Plane & Pilot
Tuesday, February 7, 2012

Trans-Africa Adventure

Part II: From Cape Town to London in a Cessna 206

Bom-Bom is at the northern tip of this small island paradise, with luxurious wooden huts set back from the beach. To describe the place as "away from it all" conveys too much sense of frenetic activity—perfect for another rest day. Dining under the stars by candlelight, our table strewn with fresh red hibiscus blooms on the white tablecloth, life was good, and the meal was simply excellent.

The flight north from Príncipe was a crux moment, crossing the ITCZ ("the itch"). Despite a discouraging (but predictable) forecast, we departed north and had a good flight. The visibility was poor but workable until we approached the Nigerian coast where it cleared. The flare stacks of the Niger Delta were all around, burning bright.

Entry into Nigeria was something of an ordeal—this is Africa's most populous country (almost 200 million people in an area only a little bigger than Texas). After a crazy drive through Port Harcourt traffic, we arrived at our hotel. Our return journey to the airport the next morning was more relaxed (though probably only because we knew what to expect).

It was with a sense of relief that we got airborne—it's not often that the cockpit of a light airplane can seem serenity itself! We had over 400 nm to Kano in northern Nigeria—which also marked our move from equatorial jungle to the beginning of the Sahara. The flight wasn't easy, as our forward visibility was poor (though vertical visibility was perfect even from 7,000 feet), and there was lots of radio chat to maintain separation. The runway became visible three miles out, and we landed in turn. The airfield officials couldn't get their heads around the arrival of our aircraft. "What flight number did you arrive on?" they asked repeatedly. "Where are your passengers?" No, we were Captain and crew of an aircraft that has no passengers. Still confused, they waved us through with a smile into the sprawling, bustling desert city.

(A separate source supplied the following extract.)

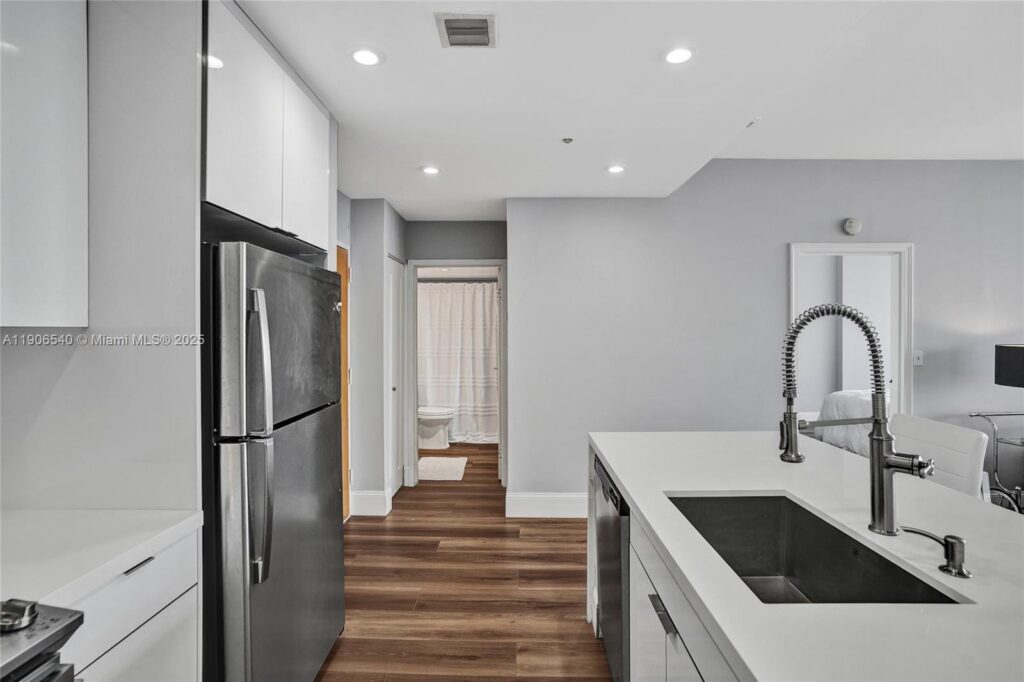 7601 E Treasure Dr, North Bay Village FL 33141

The next day, we returned with 16 gallons of Mogas for one of the planes. Potential problems with security were sidestepped when Sam Rutherford of Prepare2go suggested that perhaps it was apple juice! The leg we were to fly was straightforward, but the air was full of dust, and a high-pressure area had settled over the region, preventing it from clearing—but there was blue sky above. Sam decided that he and I would go first to Agadez, in Niger. On landing, he would use the satphone to call Adam (also from Prepare2go) back in Kano with a pirep. My plane was chosen for the test flight since if we were unable to land at Agadez, I could (just) return to Kano. The flight went smoothly, and everyone else then followed.

A short flight and removing two letters—but what a difference. As well as being Africa's poorest country, it's also one of the least populated—an utter contrast from its southern neighbor. On landing, we refueled quickly and were taken to our auberge, which turned out to be a delightful Touareg-style oasis in the center of Agadez. We visited the world-famous mosque; some even climbed to the top of the minaret.